• _What is being asked_
Exactly reproduce the lines from the one holding "2015 Model Nissan" through the end of the records, including both boundary lines but no pictures.

++++++++++++++++++++

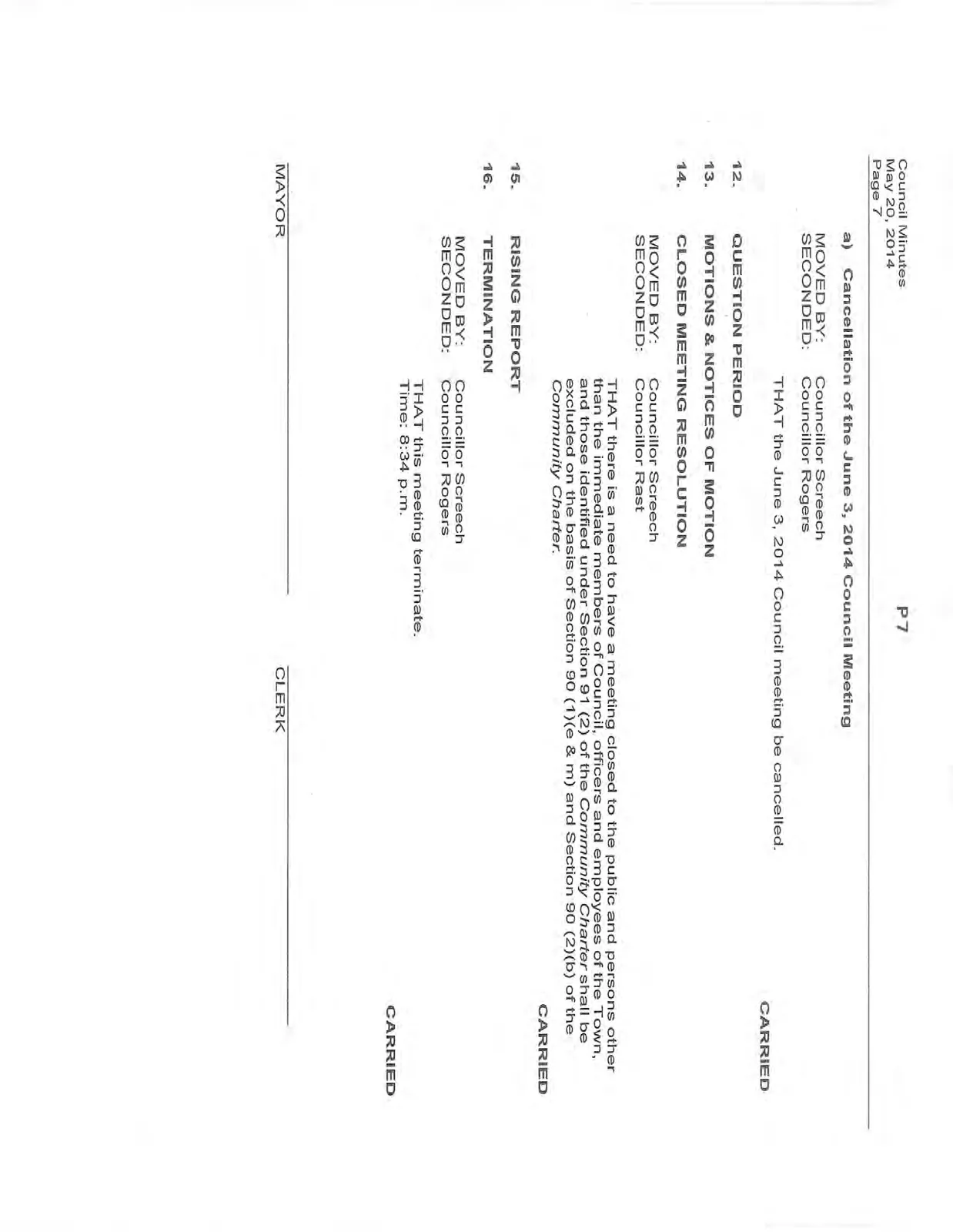 Document image
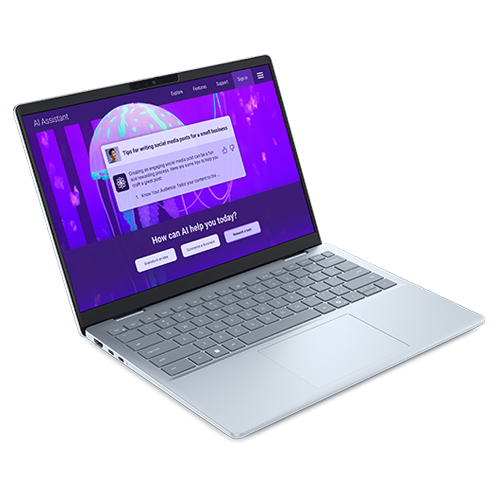 Dell 14 Plus Laptop (DB14250)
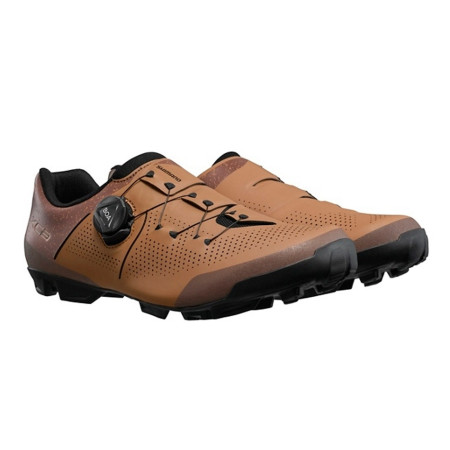 Chaussures SHIMANO SH-XC302 LE NOIR 45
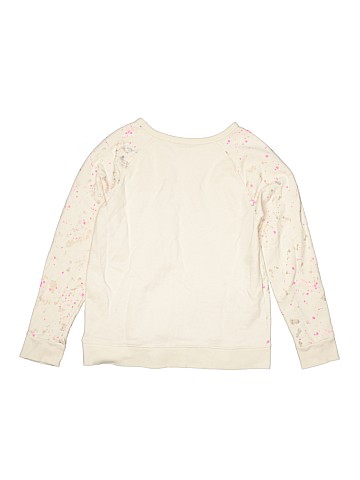 Crewcuts Pullover Sweater (view 2)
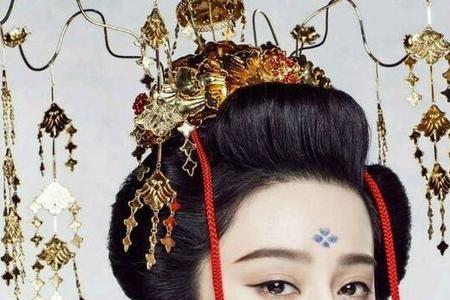 形容女人像杨贵妃是什么意思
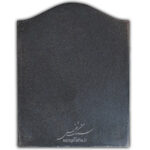 کتیبه گرانیت طرح ابزار مهندسیsang nafis-sang-1020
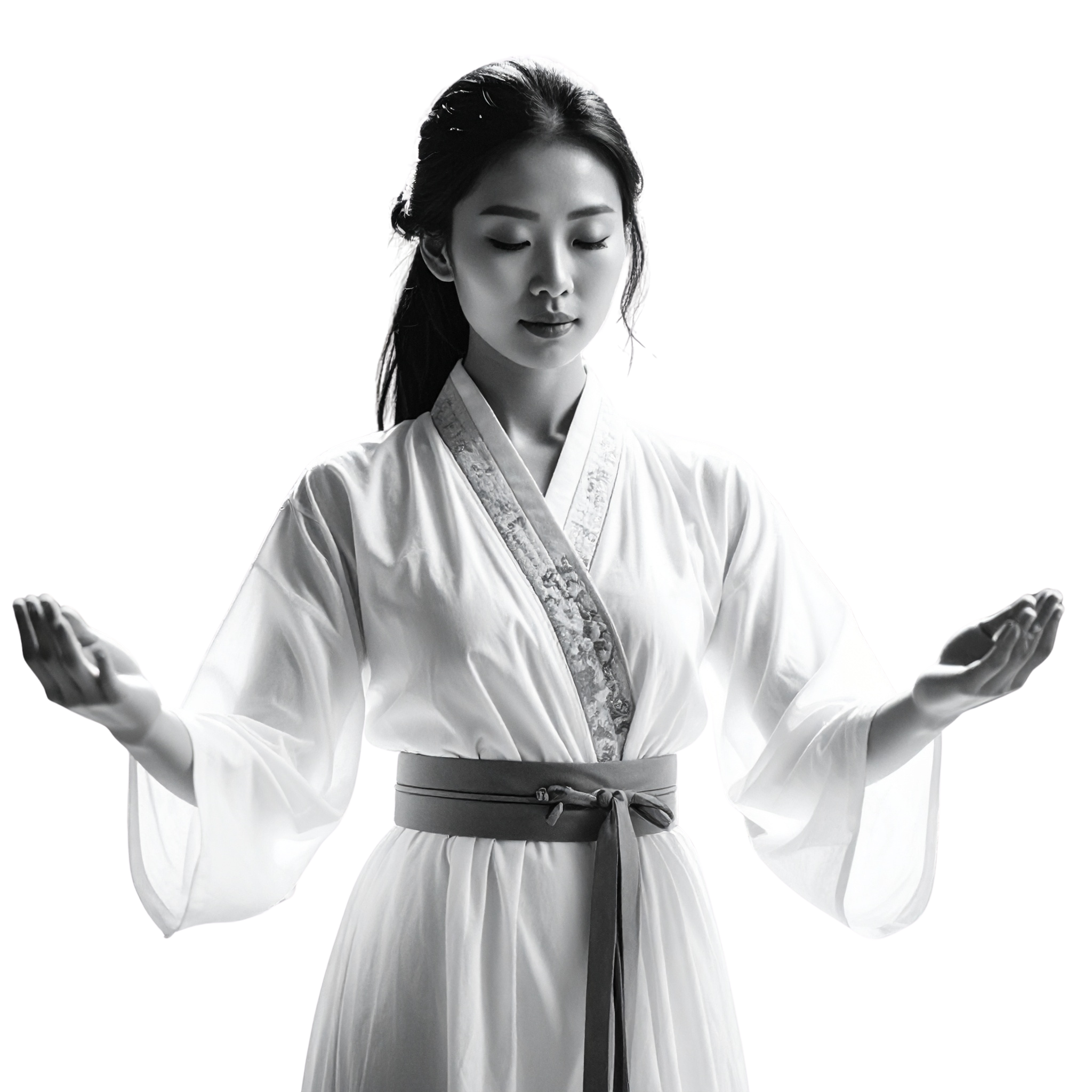 Reiki Level 1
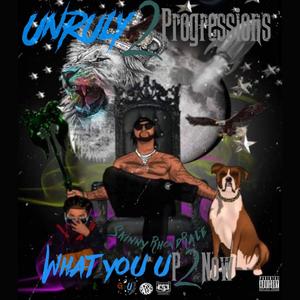 Unruly Progressions 2: What You UP 2 Now (Explicit)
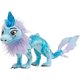 thumbnail image 1 of Plush Toy Dragon Stuffed Animal Toy Dragon Doll With Hair Raya And The Last Dragon Movie Character Toys, 1 of 3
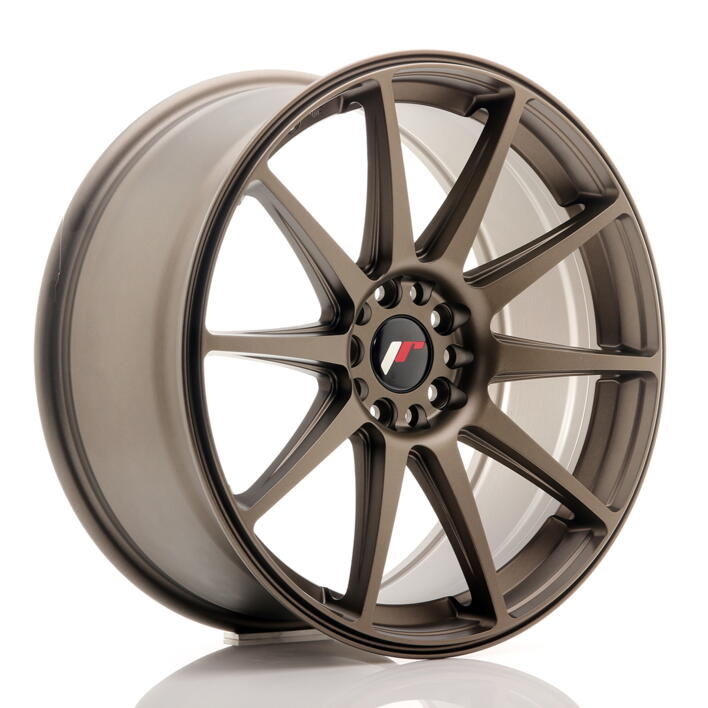 JR Wheels JR11 19x8,5 ET35 5x100/120 Bronze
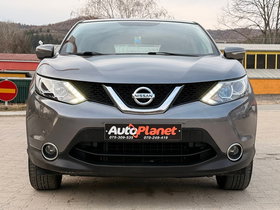 2015 Model Nissan Qashqai Diesel Manual Transmission SUV - Crossover 191,000 km - For Sale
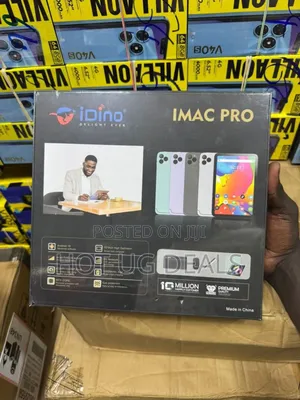 New Idino Notebook Mac 512 GB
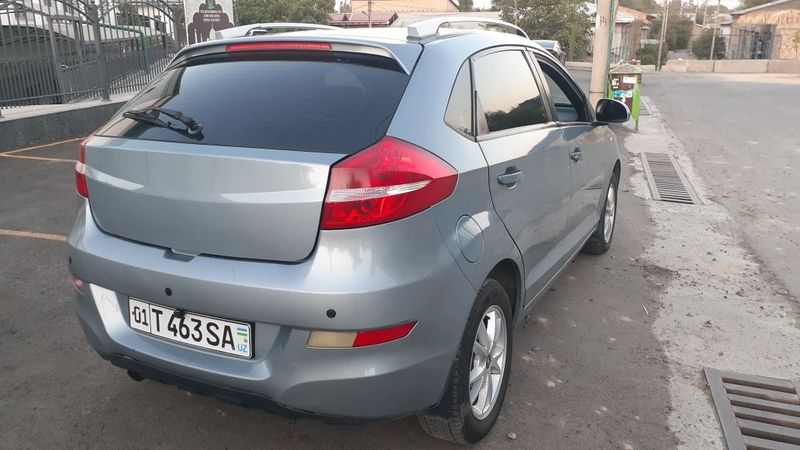 Cheryi Форза Forza Идеал холатда Cheryi Форза Forza Идеал холатда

++++++++++++++++++++

• _Answer for this exercise_
 2015 Model Nissan Qashqai Diesel Manual Transmission SUV - Crossover 191,000 km - For Sale
 New Idino Notebook Mac 512 GB
 Cheryi Форза Forza Идеал холатда Cheryi Форза Forza Идеал холатда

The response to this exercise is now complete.